Output the listing below verbatim, without images.

◆ RECORDED DATA:
········

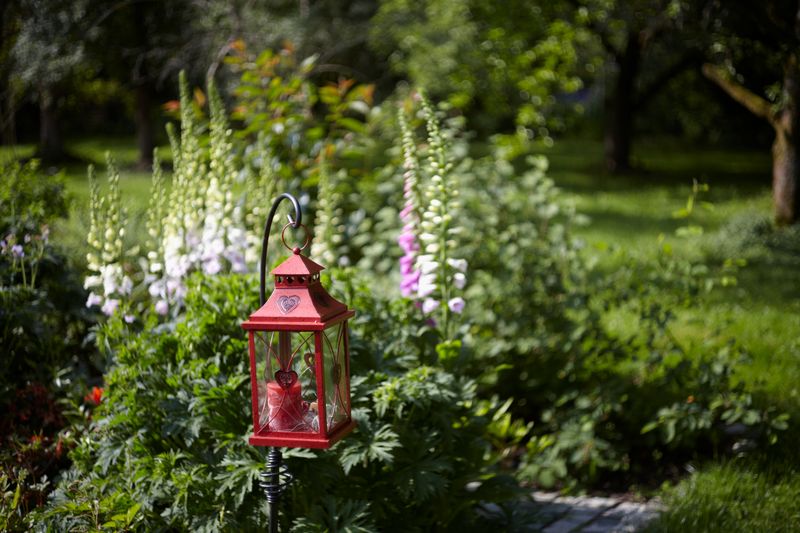 Datei:Bokeh Ultron 1.8 50 Schoberth.jpg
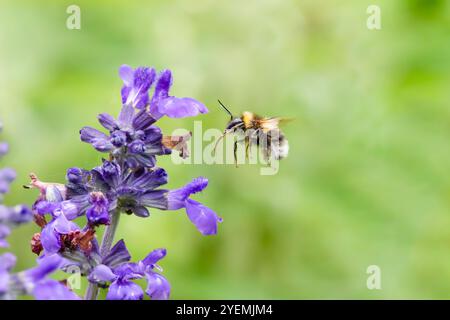 Gros plan de sauge Salvia bleu brumeux, salvia avec bourdon approchant, Bombus terrestris, avec une longue langue allongée clairement visible contre flou Banque D'Images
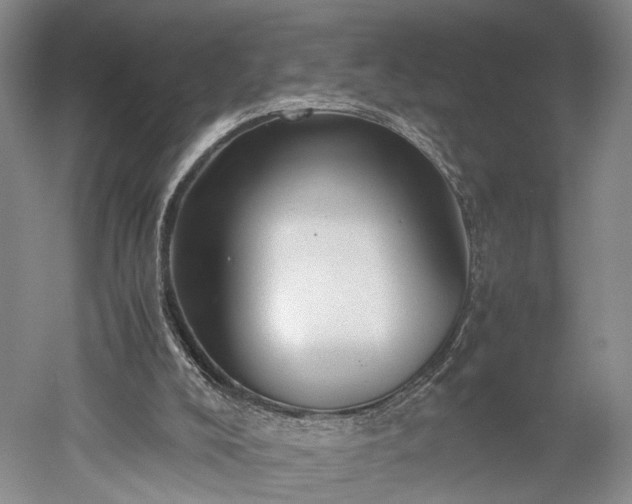 X0000052920008200507151602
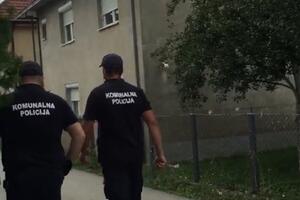 Sporno i što se pas “češe”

········

◆ RESPONSE AREA:
 Datei:Bokeh Ultron 1.8 50 Schoberth.jpg
 Gros plan de sauge Salvia bleu brumeux, salvia avec bourdon approchant, Bombus terrestris, avec une longue langue allongée clairement visible contre flou Banque D'Images
 X0000052920008200507151602
 Sporno i što se pas “češe”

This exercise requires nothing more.